A huge step in weight-cutting regulation was taken today (Tues. May 16, 2017) by the California State Athletic Commission (CSAC).
A 10-point plan was passed to assist with extreme weight cutting and severe dehydration in mixed martial arts (MMA). The plan includes stricter fines for missing weight, the addition of new weight classes, and fight-day weight checks.
Under the new plan, fighters will be fined 20 percent of all bonuses, which includes win bonuses. The full bonus fine will be awarded to the opponent who made weight. The current 20 percent rule for show money (half to the opponent, half to the commission) will remain in place.
Fighters who repeatedly miss weight will be recommended to move up a weight class.
Additional weight classes being added will be at 165, 175, 195 and 225 pounds. CSAC executive officer Andy Foster noted that stakeholders did not want to remove the 170-pound division due to its ‘iconic’ status in the sport.
Three promotions; the UFC, Bellator, and Invicta FC, wrote letters to the commission in support of the new regulations, and The Association of Boxing Commissions and Combative Sports (ABC) is also expected to recommend the new regulations to the entire ABC body during its annual meeting in July (quotes via MMA Fighting):
“The stakeholders were involved in this process,” Foster said. “I can say unequivocally that the promoters see this as a problem also. This is not just one-sided. This is a problem for them, this is a problem for the entire industry.”
While the promotions do support the regulations and the addition of new weight classes, that doesn’t mean they need to implement them immediately. As a matter of fact, Bellator MMA asked in its letter for gradual implementation of the new divisions.

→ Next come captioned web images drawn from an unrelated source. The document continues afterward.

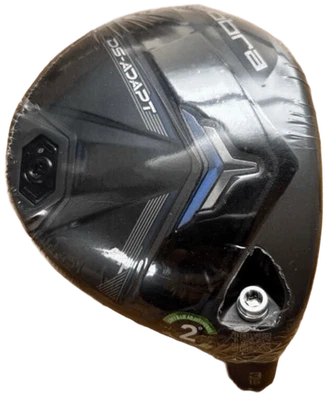 Cobra Fairway DARK SPEED X 3W 15° (Head Only)Right Handed Black New - Image 1 of 4
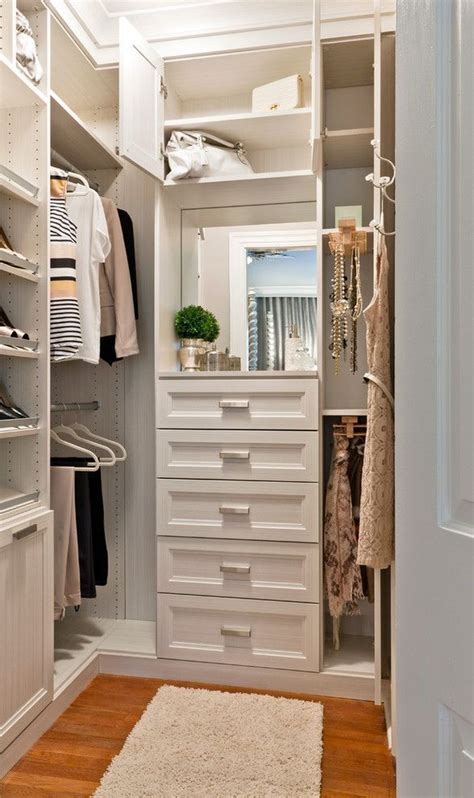 The closet is one of those things we often take for granted. The opportunity and saving money to make your own room are the most significant benefits of DIY ...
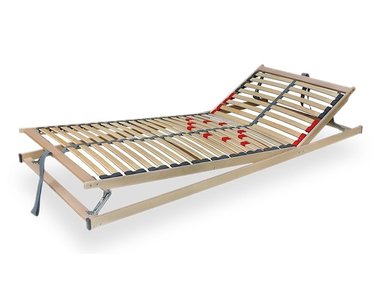 Polohovací rošt PRIMAFLEX HN 28 lamel  100x200 - pohled č. 1
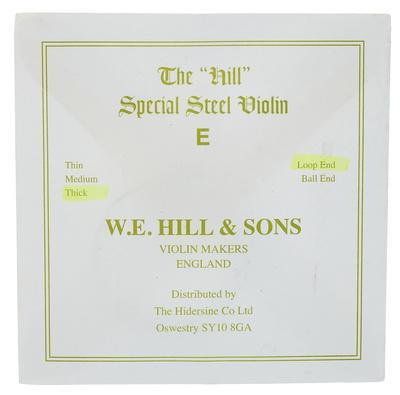 W.E. Hill & Sons E-String 4/4 Strong LP
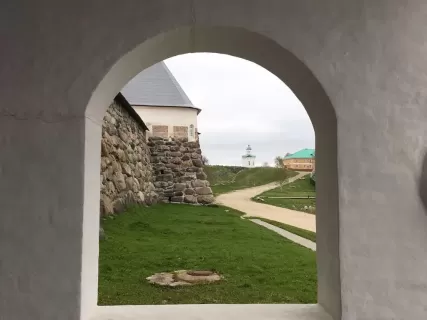 Чудеса Соловецкой природы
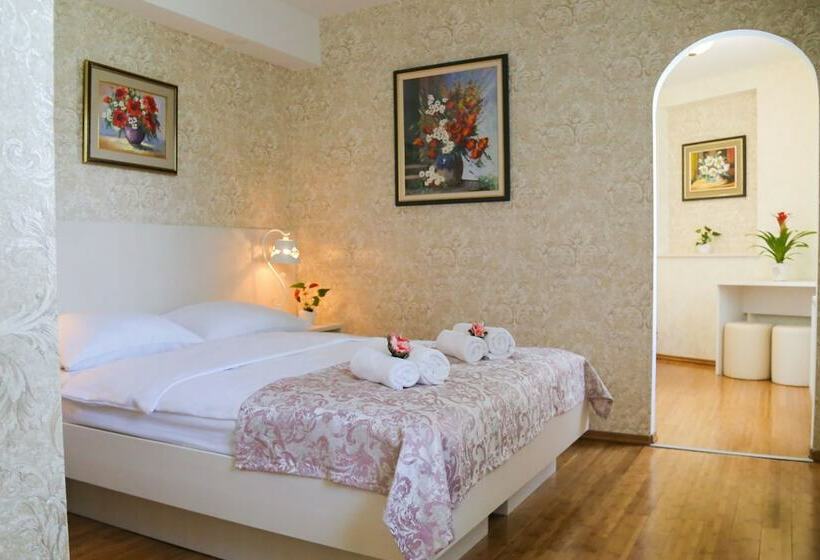 اتاق استاندارد, Boutique Hotel Asteria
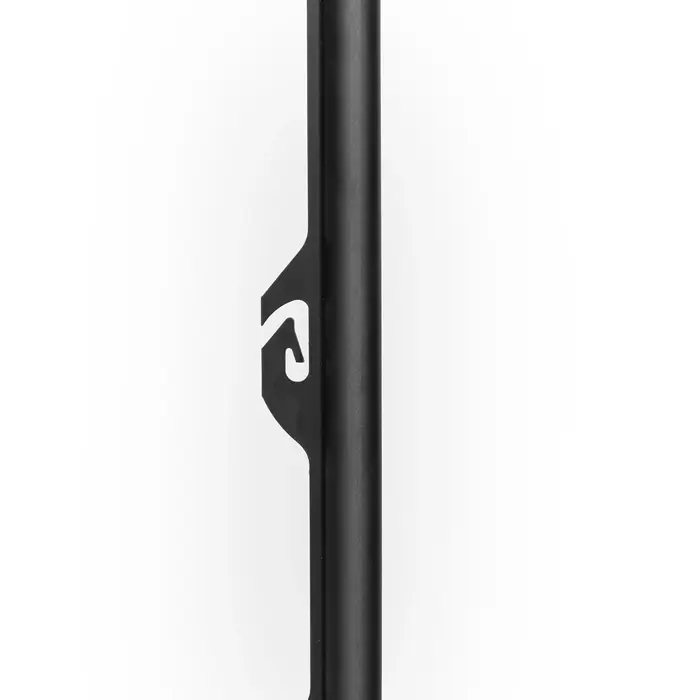 Vijver/schuttingpaaltje gebogen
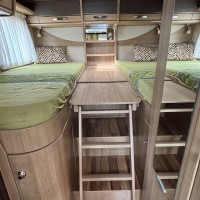 Hymer B 585 uit 2013 Foto #23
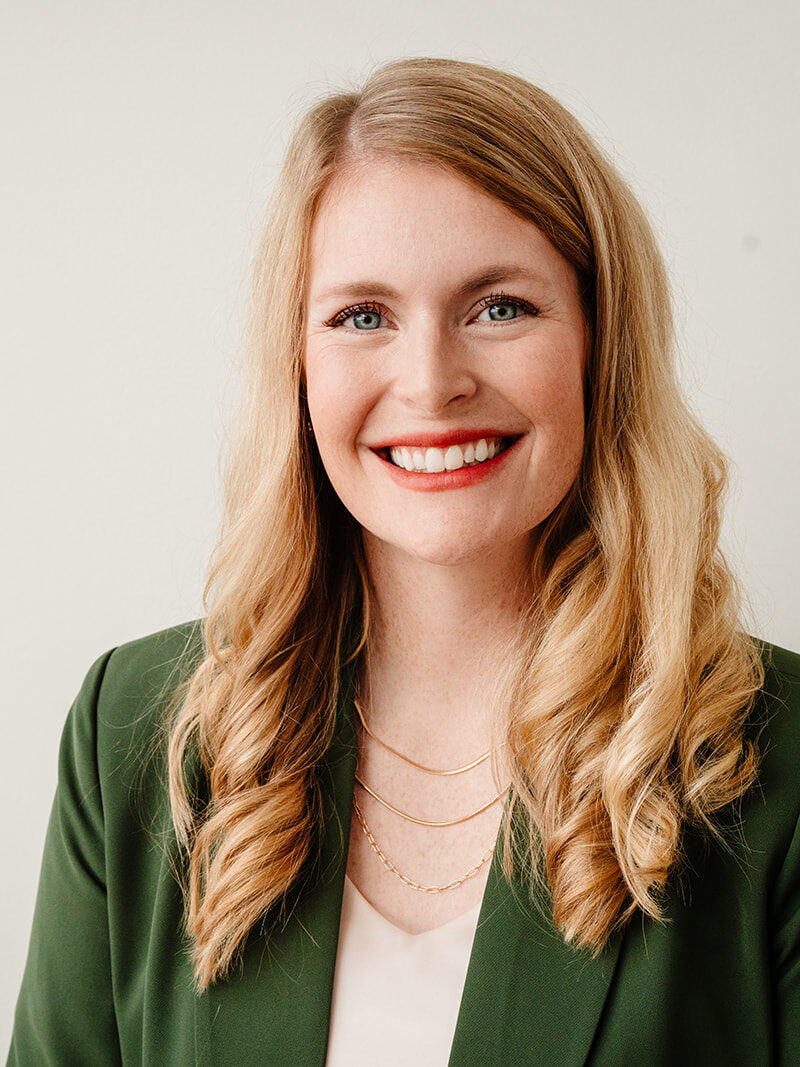 Kayla Tedder, LCSW, PMH-C, perinatal mental health therapist in Rogers, Arkansas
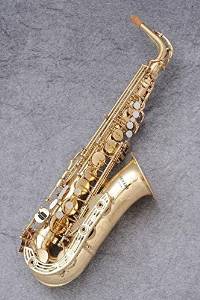 Free Shipping Used Yamaha Yas-61 with Case From Japan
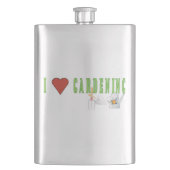 Love Gardening Flacon (Voorkant)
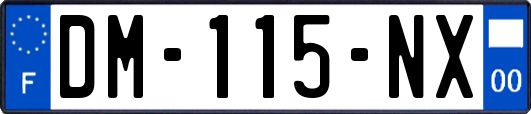 DM-115-NX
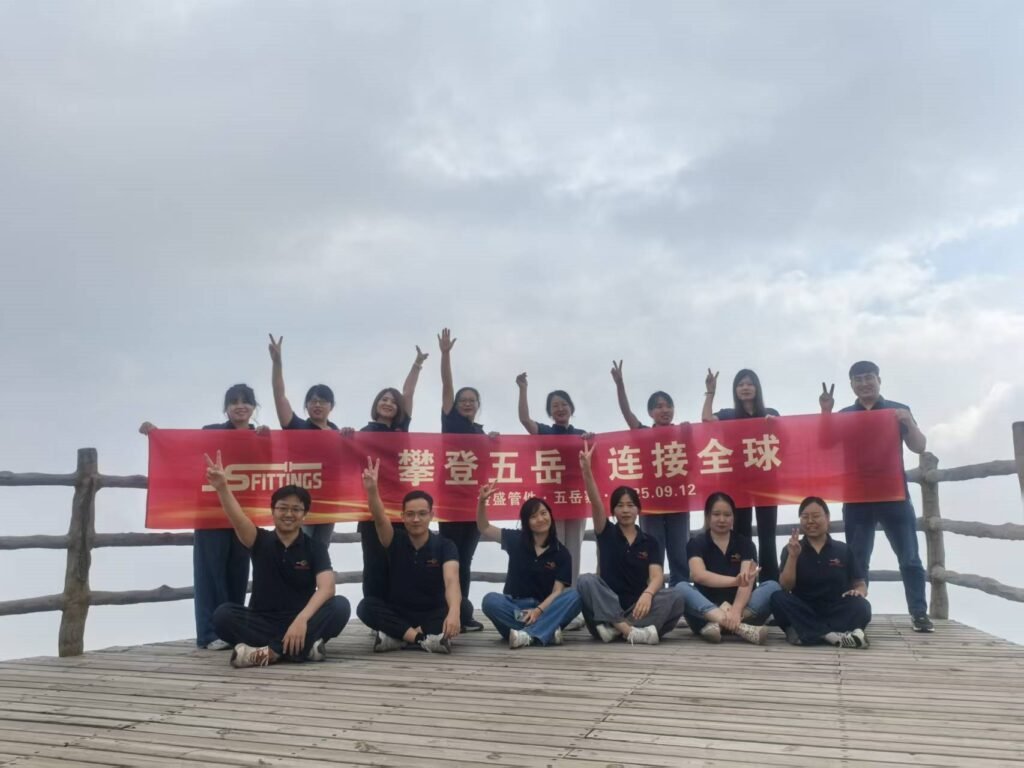 JSFITTINGS sales team
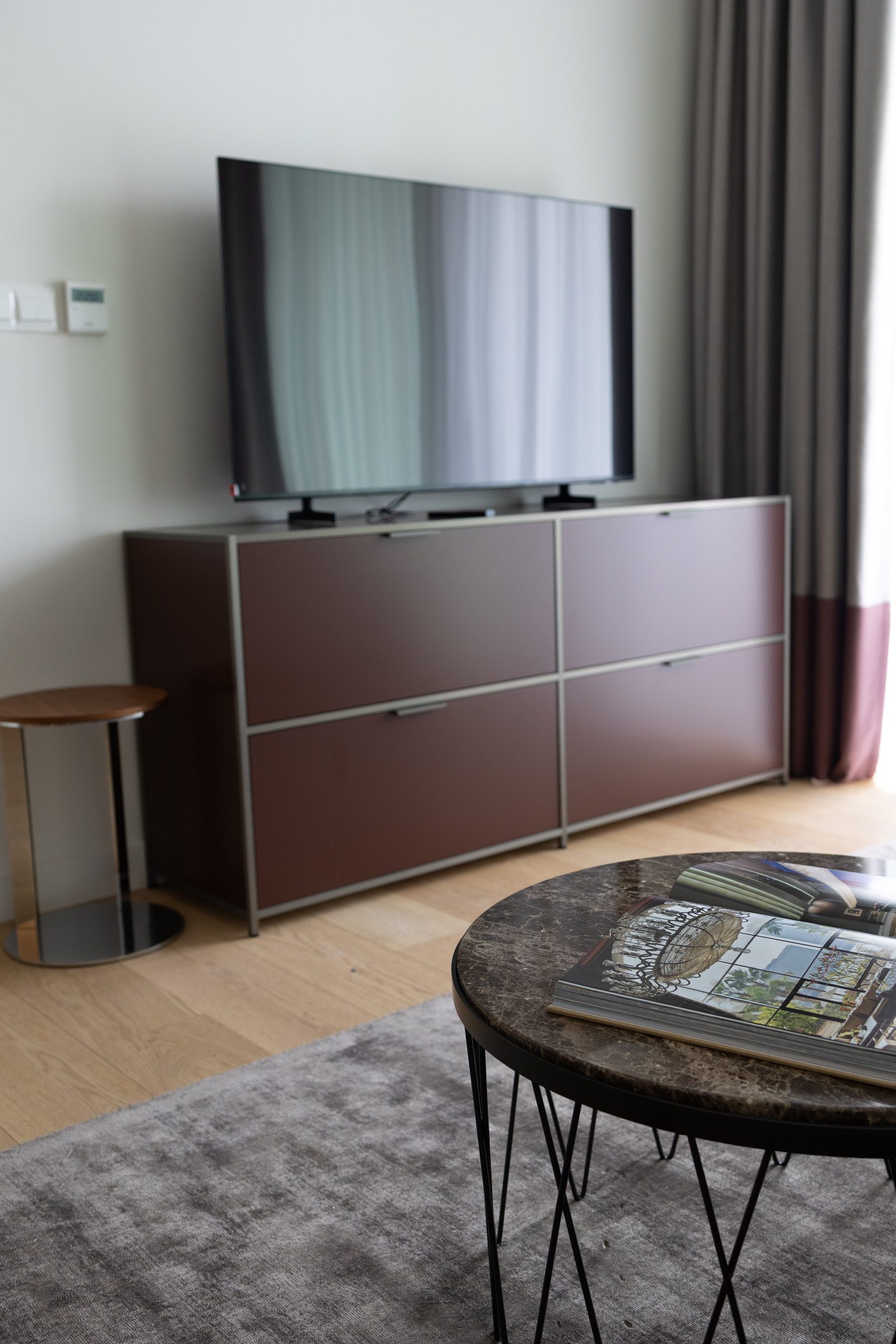 1 BR Apartment in Potamos Germasogeias, Limassol photo 2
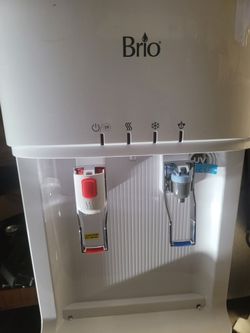Brio- Water Dispenser bottle Free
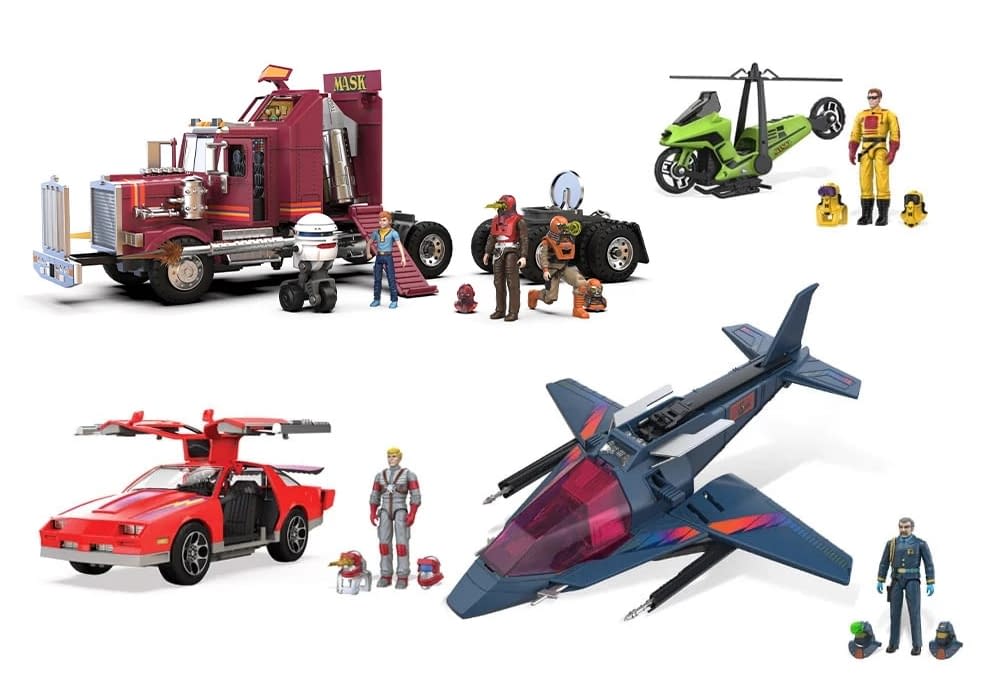 Exclusive M.A.S.K. Mobile Defense Unit Arrives Coming Soon to BBTS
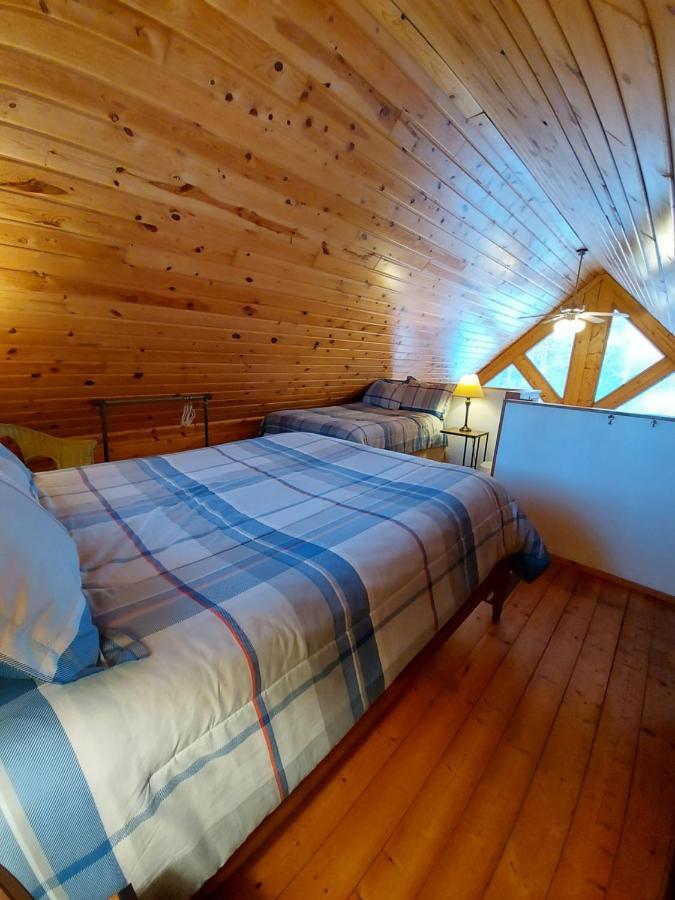 Hatcher Pass Cabins 팔머 외부 사진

More areas in the 10-point plan include making changes to the ABC matchmaking database so that it includes a weight class category, the continuation of early weigh-ins as well as dehydrations checks and specific gravity, and training for promoters, matchmakers, fighters and trainers on the dangers of extreme weight cutting.
Another point proposed was similar to what is done in the WBC for boxing, 30- and 10-day weight checks in order for doctors and promoters to see if it’s realistic for the fighter to make weight on the eve of fight night.
“If we have a fighter contracted for 155 and they’re 195 pounds 30 days out, maybe it’s time to get with the promoter, get with the medical committee and talk about this to see if it’s really appropriate for this fight,” Foster said. “It does happen.”